:: Exercise objective ::
Skip pictures in the listing below; copy exactly the lines from the one with "HERFST MOZAÏEK Pen" through the one with "2022 Toyota 4Runner TRD Sport", inclusive.

:: Material provided ::
*** Begin section ***

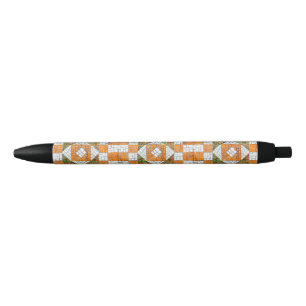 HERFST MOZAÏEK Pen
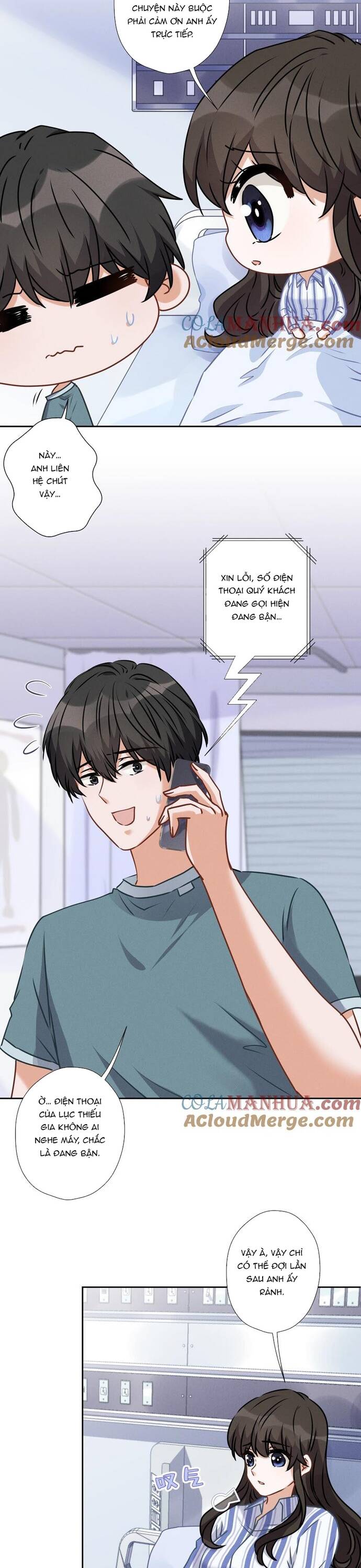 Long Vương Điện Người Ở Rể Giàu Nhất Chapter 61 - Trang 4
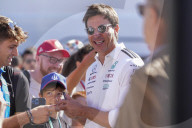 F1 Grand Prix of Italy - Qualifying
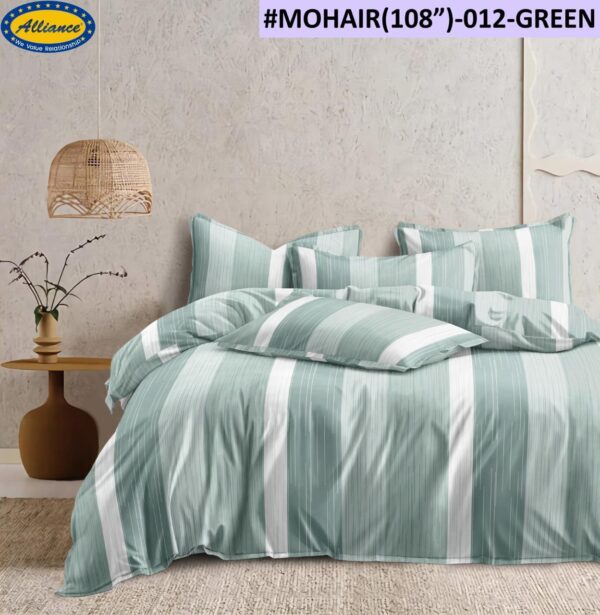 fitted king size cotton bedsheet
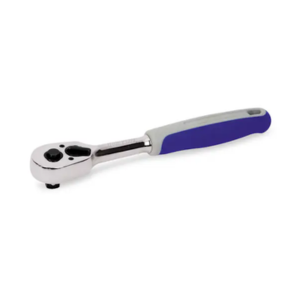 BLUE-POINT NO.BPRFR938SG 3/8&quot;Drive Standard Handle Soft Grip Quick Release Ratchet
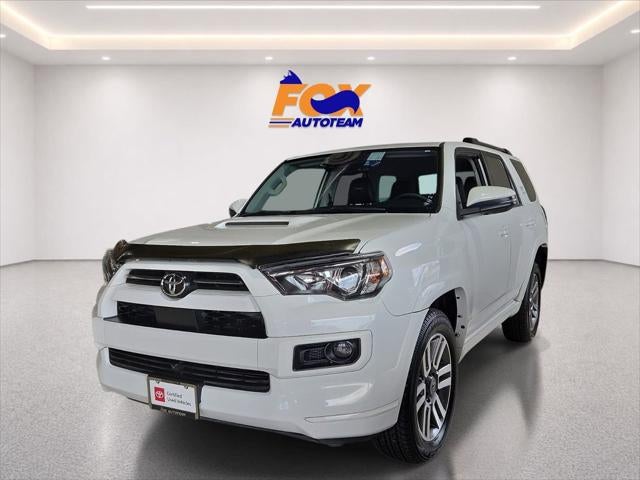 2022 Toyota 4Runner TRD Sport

*** End section ***
*** Begin section ***

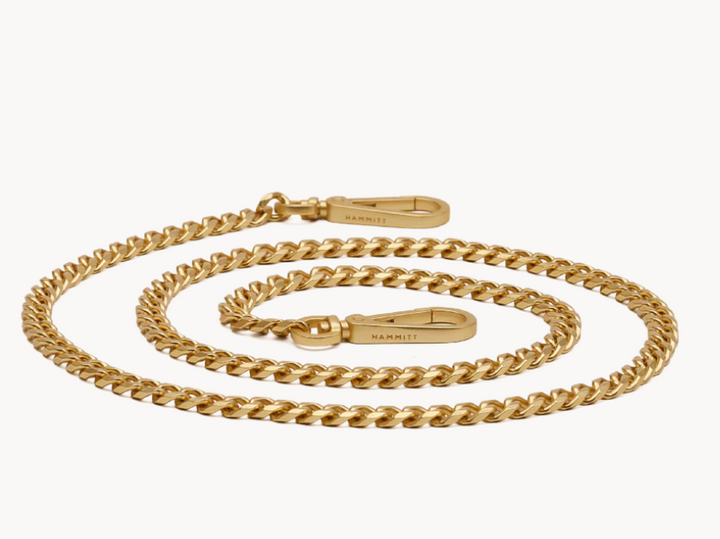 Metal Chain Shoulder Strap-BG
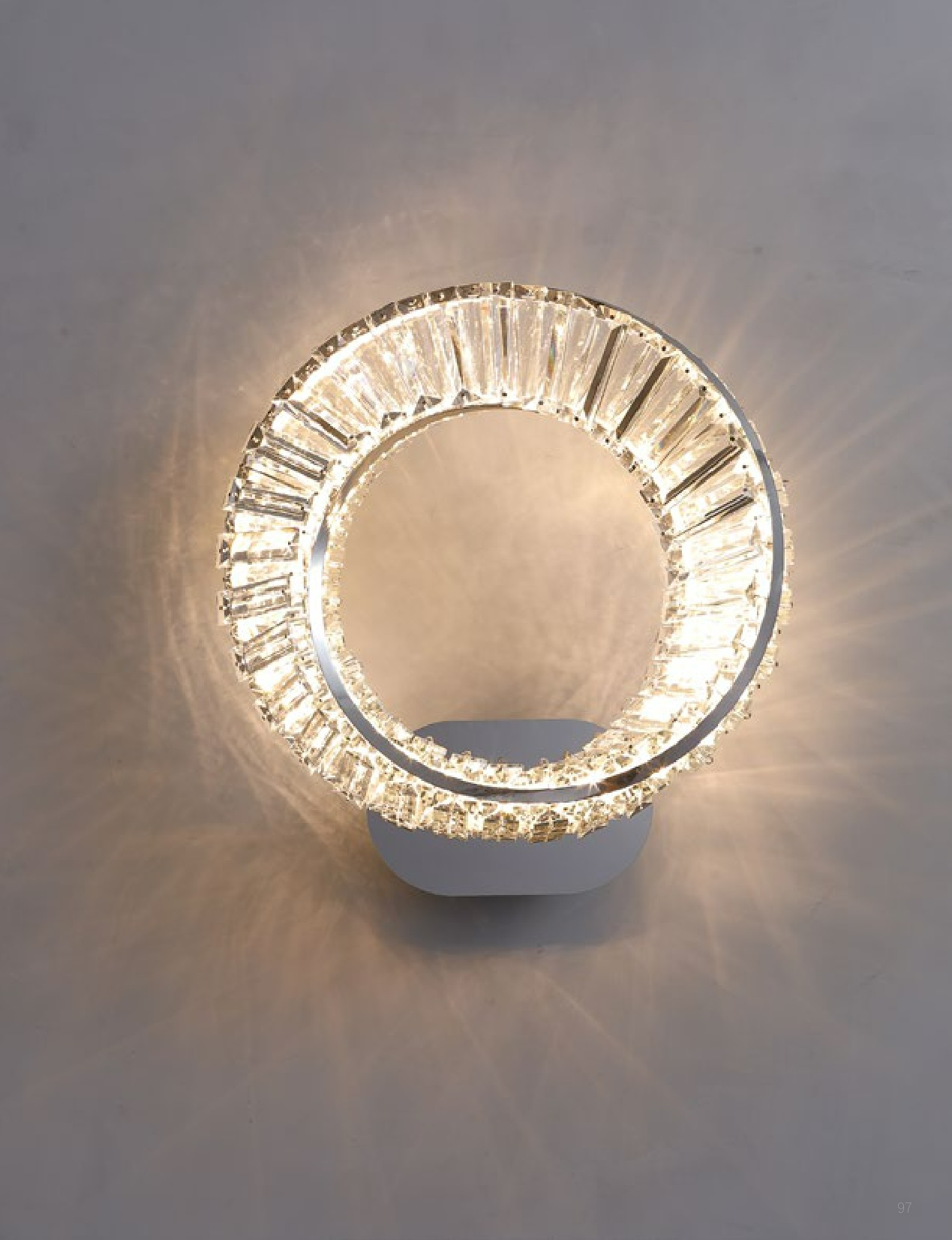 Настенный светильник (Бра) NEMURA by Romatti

*** End section ***

:: Answer ::
 HERFST MOZAÏEK Pen
 Long Vương Điện Người Ở Rể Giàu Nhất Chapter 61 - Trang 4
 F1 Grand Prix of Italy - Qualifying
 fitted king size cotton bedsheet
 BLUE-POINT NO.BPRFR938SG 3/8&quot;Drive Standard Handle Soft Grip Quick Release Ratchet
 2022 Toyota 4Runner TRD Sport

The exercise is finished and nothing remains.